EMRSA is also known as epidemic-type MRSA. A MRSA epidemic is defined differently in different countries. In the United Kingdom, for example, a MRSA epidemic occurs when two or more MRSA isolates are reported in two or more different medical facilities. In the United States, a MRSA outbreak is defined as either three or more nosocomially-acquired MRSA cases that are linked by some epidemiologic variable, or a drastic increase in the number of MRSA cases in a healthcare facility with endemic MRSA. A MRSA outbreak may be defined differently in different healthcare facilities.
Basic Features and Description
The most common type of MRSA infection is a skin infection, but this infection can affect other parts of the body or spread. In severe cases, MRSA infections may cause death due to septic shock or other complications of infection. Diagnosis of MRSA and testing for MRSA infections are described on the MRSA Diagnosis and Testing page in greater detail.

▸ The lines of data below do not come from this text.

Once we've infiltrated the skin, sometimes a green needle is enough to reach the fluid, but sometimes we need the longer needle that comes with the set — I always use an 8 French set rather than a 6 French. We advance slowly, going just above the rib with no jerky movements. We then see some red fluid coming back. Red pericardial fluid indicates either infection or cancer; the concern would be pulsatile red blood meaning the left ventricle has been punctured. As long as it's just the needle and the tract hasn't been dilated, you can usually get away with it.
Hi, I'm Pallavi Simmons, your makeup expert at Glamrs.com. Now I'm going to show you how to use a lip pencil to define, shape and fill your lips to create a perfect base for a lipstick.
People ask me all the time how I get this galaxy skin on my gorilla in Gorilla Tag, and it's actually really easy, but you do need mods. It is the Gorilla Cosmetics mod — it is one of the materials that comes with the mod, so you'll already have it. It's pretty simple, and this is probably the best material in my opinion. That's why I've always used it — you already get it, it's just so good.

Methicillin-resistant Staphylococcus aureus infections may progress substantially within a day or two of the appearance of the first topical symptoms. MRSA infections are less likely to respond to treatment as the infection progresses. Usually, the initial symptom of the MRSA skin infection is small red bumps on the skin that may resemble pimples or spider bites, with or without fever. Within a couple of days, the bumps on the skin may get larger and become painful, eventually opening into deep, pus-filled boils.
If the infection has not spread too much, the MRSA infection can usually be successfully treated with antibiotic drugs. MRSA infections are defined by their resistance to the once-effective antibiotic drug methicillin. Over time, however, some strains of MRSA have evolved to become immune to other antibiotic drugs as well. This type of infection is called a multi-drug-resistant Staphylococcus aureus infection. Some strains of staph may be resistant to penicillin, methicillin, amoxicillin, oxacillin and some other antibiotics. While there is usually an antibiotic drug that can be used to destroy the bacteria causing the infection, Staphylococcus aureus is particularly good at adapting to new antibiotics. For more information about treatment of MRSA infections, see the MRSA Treatment page.
MRSA can cause serious problems when it spreads to other parts of the body. If MRSA infections involve internal organs, a patient may experience life-threatening complications. Regardless of whether a MRSA infection was acquired nosocomially or in the community, if the infection is not treated it can cause severe complications, such as: endocarditis, septic shock, osteomyelitis, necrotizing fasciitis and even death.